++++ Supplied information ++++
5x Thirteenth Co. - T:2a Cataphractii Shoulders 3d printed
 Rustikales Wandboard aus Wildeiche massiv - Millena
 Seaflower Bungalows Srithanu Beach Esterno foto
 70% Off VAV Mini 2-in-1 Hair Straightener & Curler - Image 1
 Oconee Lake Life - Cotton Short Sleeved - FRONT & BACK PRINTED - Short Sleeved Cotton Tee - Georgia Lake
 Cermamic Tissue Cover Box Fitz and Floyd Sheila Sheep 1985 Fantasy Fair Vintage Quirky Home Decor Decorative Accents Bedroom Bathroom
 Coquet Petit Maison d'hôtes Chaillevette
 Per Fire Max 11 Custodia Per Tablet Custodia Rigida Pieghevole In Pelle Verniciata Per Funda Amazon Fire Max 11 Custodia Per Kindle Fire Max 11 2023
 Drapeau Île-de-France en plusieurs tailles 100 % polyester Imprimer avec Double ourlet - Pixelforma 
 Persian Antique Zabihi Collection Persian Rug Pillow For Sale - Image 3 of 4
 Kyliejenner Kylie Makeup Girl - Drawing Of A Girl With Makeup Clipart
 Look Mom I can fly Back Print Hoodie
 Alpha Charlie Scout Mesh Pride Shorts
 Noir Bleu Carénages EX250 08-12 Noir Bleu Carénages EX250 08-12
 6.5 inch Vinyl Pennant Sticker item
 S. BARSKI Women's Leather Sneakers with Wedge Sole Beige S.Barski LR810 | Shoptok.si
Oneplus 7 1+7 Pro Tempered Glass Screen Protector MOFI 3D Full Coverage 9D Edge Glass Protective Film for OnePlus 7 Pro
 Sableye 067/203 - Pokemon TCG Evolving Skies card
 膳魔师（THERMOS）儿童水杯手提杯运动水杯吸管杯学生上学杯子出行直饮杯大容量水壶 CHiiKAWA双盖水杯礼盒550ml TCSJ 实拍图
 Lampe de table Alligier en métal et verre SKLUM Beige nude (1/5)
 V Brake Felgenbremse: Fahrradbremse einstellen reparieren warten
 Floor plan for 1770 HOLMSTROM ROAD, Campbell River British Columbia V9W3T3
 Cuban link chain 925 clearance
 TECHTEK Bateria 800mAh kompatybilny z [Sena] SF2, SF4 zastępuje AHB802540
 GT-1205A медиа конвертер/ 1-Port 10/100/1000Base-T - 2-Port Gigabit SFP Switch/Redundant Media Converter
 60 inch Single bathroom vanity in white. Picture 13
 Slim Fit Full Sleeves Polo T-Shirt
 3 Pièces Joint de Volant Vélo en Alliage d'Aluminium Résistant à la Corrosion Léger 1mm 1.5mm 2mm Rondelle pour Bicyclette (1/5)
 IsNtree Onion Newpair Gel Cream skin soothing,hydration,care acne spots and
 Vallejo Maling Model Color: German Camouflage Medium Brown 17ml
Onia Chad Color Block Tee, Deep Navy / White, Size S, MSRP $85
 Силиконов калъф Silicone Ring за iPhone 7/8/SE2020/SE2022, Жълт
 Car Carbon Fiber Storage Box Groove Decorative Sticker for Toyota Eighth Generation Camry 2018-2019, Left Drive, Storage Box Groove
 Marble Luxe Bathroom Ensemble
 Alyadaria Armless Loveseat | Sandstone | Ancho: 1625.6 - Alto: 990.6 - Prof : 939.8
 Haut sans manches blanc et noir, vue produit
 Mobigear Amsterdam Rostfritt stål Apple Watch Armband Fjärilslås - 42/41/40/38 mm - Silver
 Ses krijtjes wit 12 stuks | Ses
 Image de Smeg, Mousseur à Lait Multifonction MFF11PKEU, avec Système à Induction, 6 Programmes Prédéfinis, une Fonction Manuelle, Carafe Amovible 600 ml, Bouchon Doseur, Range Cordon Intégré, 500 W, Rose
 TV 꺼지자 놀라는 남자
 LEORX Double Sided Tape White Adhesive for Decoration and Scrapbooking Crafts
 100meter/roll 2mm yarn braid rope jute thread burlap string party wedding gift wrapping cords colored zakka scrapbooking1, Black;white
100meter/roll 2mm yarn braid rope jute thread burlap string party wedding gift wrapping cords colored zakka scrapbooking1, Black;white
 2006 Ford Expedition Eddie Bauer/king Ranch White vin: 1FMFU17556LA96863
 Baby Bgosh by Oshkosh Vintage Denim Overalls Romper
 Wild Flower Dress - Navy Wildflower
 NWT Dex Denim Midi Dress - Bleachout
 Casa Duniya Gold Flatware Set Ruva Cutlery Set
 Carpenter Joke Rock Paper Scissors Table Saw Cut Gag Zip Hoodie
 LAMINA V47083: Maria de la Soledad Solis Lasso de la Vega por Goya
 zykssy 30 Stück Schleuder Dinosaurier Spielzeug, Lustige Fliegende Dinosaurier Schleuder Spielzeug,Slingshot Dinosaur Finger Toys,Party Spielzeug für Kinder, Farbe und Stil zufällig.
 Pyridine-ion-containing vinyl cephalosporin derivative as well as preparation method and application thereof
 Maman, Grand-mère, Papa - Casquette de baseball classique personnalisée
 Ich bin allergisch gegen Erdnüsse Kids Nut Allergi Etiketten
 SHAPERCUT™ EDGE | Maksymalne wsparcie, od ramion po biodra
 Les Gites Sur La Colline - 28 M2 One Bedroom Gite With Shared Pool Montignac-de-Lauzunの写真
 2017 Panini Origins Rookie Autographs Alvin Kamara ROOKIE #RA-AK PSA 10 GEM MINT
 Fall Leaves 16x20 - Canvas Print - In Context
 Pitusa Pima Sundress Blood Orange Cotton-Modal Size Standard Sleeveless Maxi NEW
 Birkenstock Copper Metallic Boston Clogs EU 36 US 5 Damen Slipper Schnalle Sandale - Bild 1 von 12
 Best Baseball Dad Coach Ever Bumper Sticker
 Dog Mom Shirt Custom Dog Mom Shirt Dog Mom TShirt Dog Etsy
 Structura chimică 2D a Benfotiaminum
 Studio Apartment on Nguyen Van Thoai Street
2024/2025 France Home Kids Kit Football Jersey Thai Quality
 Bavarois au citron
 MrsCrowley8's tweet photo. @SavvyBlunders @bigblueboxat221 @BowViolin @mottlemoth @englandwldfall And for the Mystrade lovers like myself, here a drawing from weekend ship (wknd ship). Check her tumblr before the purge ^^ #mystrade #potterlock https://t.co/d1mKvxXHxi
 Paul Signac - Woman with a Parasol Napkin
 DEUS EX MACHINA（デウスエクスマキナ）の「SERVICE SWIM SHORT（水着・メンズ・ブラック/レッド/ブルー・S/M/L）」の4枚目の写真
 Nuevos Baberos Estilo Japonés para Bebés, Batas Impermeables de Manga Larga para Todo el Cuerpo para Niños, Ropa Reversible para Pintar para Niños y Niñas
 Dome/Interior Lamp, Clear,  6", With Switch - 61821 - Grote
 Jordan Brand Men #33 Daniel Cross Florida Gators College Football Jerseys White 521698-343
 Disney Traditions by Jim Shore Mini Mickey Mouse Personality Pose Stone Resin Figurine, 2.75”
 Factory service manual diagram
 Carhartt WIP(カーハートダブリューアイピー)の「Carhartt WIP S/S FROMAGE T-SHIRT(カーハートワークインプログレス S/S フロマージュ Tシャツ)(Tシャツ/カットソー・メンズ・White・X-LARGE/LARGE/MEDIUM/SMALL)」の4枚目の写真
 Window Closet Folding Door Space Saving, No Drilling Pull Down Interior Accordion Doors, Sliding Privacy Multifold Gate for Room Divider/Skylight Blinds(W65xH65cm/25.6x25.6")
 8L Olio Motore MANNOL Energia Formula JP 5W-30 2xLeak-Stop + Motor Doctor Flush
++++
Problem
Beginning with the line containing "Dog Mom Shirt Custom" in the material above, copy every line exactly until you have copied the line containing "Bavarois au citron".

Result of the exercise
 Dog Mom Shirt Custom Dog Mom Shirt Dog Mom TShirt Dog Etsy
 Structura chimică 2D a Benfotiaminum
 Studio Apartment on Nguyen Van Thoai Street
2024/2025 France Home Kids Kit Football Jersey Thai Quality
 Bavarois au citron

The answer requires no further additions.